Summer Passion: My Wrangler
There’s a sense of camaraderie among Wrangler drivers
The day I drove my shiny new car off the lot in Warwick, I decided to take the back way home. Instead of driving Route 1 all the way down to Narragansett, I hopped on 138 East and then got off on Scenic 1A. It was the perfect June day — 80 degrees without a cloud in the sky — and I just couldn’t resist rolling down the windows, cranking up the radio and cruising along the beautiful stretch of shoreline toward Narragansett Beach.
I had just passed the turnoff for Bonnet Shores and was making my way down toward the ocean when I glimpsed the driver of a car tossing me a casual wave as he passed. I hadn’t been living in ’Gansett for very long, so I simply assumed that the man had mistaken me for someone else.
Except then, not half a mile later, it happened again. A young woman driving a Jeep Wrangler lifted her fingers off the steering wheel in a salute, the way you would greet a neighbor or close friend that you passed on the road. Little did I know that with the purchase of my Jeep, I had entered a semi-secret club that comes alive during the summer in Rhode Island.

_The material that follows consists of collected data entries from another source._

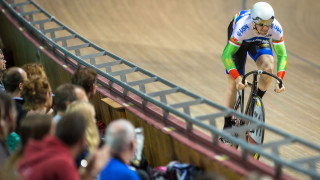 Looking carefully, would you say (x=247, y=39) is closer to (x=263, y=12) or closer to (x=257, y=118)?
(x=263, y=12)

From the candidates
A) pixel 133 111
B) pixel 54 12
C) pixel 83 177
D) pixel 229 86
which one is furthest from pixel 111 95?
pixel 54 12

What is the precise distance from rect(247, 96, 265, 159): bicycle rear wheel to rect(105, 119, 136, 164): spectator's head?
7.12 feet

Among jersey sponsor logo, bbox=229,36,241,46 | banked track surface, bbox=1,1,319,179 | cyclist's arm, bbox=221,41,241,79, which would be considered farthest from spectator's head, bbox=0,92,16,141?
banked track surface, bbox=1,1,319,179

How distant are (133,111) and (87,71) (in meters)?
0.61

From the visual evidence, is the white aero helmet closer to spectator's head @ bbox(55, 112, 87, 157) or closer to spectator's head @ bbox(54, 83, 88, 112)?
spectator's head @ bbox(54, 83, 88, 112)

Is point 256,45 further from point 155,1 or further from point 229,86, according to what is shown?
point 155,1

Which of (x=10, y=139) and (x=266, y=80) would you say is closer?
(x=10, y=139)

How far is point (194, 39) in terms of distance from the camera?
9047 millimetres

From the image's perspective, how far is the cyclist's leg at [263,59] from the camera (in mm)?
4949

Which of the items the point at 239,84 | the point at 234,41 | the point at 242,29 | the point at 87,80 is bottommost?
the point at 239,84

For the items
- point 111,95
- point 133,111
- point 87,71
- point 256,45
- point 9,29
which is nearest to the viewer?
point 87,71

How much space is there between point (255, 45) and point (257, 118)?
0.80 metres

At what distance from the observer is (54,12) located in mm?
9055

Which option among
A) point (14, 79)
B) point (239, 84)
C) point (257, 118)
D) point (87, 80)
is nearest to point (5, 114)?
point (87, 80) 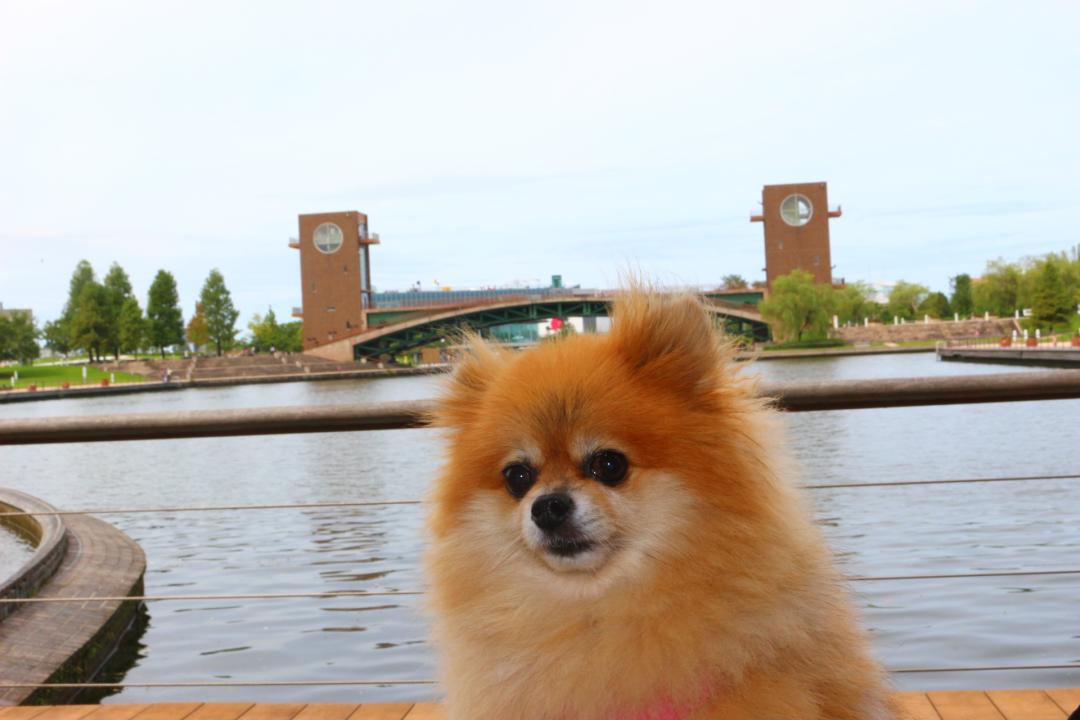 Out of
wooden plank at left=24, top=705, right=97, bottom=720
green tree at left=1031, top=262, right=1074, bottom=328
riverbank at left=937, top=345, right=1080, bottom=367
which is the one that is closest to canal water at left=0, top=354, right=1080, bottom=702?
wooden plank at left=24, top=705, right=97, bottom=720

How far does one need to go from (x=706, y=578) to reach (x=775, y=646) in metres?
0.14

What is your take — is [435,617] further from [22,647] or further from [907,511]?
[907,511]

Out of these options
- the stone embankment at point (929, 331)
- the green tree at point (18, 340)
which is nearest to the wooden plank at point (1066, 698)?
the stone embankment at point (929, 331)

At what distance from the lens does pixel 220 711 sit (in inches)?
98.8

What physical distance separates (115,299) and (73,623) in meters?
69.9

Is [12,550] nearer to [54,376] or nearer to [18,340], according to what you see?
→ [54,376]

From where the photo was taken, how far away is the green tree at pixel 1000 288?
76.7 m

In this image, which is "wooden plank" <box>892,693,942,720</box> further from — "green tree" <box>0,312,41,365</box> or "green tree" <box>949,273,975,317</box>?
"green tree" <box>949,273,975,317</box>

When I decided to buy my car, I had no clue that Wrangler drivers had an unspoken subculture. In fact, I simply thought the boxy trucks were cute and, like every twenty-something girl, I wanted a convertible. But soon after I bought my Wrangler, I realized that people who drive Jeeps — specifically that model — are a special kind of people. We’re the summer warriors. We live for muddy off-roading, quirky wheel covers and doorless drives down the coast. The day the weather hits 70 degrees, you can bet that the tops come down and we’ll be soaking up the sunshine, celebrating that summer is finally back.
There’s a sense of camaraderie among Wrangler drivers — the “Jeep wave” is just the beginning of it. Drivers exchange pleasantries in random parking lots without any hint of awkwardness, and you’re obligated to stop and help fellow Wranglers if you spot them on the side of the road. There are even Jeep groups that meet to swap adventure stories and take off-roading trips together.
I quickly fell in love with everything that Jeep culture had to offer. A salute from a passing driver never fails to make me smile, and the pure bliss of driving with the top down, doors off and my hair whipping is the antidote to even my crummiest of moods. By the end of the summer, I had become one of the many Wrangler drivers who soak up the last waning minutes of the season. Today I can’t imagine life without my Jeep.
I’ve since moved away from Narragansett, though I can’t say I don’t miss it. But even as I trek to work in Boston, I’m secretly counting the days until summer when I can unclip my fabric top, wrestle off the doors and cruise back down to Narragansett Beach. The best part is that I’ll be welcomed with waves and salutes from my fellow summer warriors, and I can guarantee it will feel like I never left at all.